This paper addresses multi-objective bilevel learning (MOBL)—a novel challenge involving the simultaneous optimization of multiple conflicting objectives under coupled upper- and lower-level variables—by establishing its theoretical foundations and algorithmic framework. We introduce the concept of *preference-guided Pareto stationary solutions* and propose the Weighted Chebyshev Multi-Hypergradient Descent (WC-MHGD) framework, a unified algorithm supporting both deterministic and stochastic settings, with finite-time convergence guarantees and low oracle query complexity. WC-MHGD is the first method enabling systematic exploration of the Pareto front while efficiently computing Pareto stationary solutions. Extensive experiments validate its theoretical convergence and superior Pareto-front coverage, consistently outperforming existing bilevel and multi-objective optimization baselines. Our work delivers the first solution to MOBL that is both theoretically rigorous and practically scalable.
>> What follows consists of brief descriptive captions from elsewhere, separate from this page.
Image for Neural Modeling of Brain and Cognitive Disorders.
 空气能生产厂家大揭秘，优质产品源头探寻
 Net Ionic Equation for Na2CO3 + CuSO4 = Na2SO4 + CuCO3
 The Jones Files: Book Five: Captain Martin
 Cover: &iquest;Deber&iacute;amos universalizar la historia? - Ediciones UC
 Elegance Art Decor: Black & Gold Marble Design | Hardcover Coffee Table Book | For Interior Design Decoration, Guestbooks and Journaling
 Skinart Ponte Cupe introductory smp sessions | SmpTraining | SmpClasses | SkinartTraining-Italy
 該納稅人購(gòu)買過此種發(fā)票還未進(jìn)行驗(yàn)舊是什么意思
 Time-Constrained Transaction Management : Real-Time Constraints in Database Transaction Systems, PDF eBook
As machine learning (ML) applications grow increasingly complex in recent years, modern ML frameworks often need to address multiple potentially conflicting objectives with coupled decision variables across different layers. This creates a compelling need for multi-objective bilevel learning (MOBL). So far, however, the field of MOBL remains in its infancy and many important problems remain under-explored. This motivates us to fill this gap and systematically investigate the theoretical and algorithmic foundation of MOBL. Specifically, we consider MOBL problems with multiple conflicting objectives guided by preferences at the upper-level subproblem, where part of the inputs depend on the optimal solution of the lower-level subproblem. Our goal is to develop efficient MOBL optimization algorithms to (1) identify a preference-guided Pareto-stationary solution with low oracle complexity; and (2) enable systematic Pareto front exploration. To this end, we propose a unifying algorithmic framework called weighted-Chebyshev multi-hyper-gradient-descent (WC-MHGD) for both deterministic and stochastic settings with finite-time Pareto-stationarity convergence rate guarantees, which not only implies low oracle complexity but also induces systematic Pareto front exploration. We further conduct extensive experiments to confirm our theoretical results.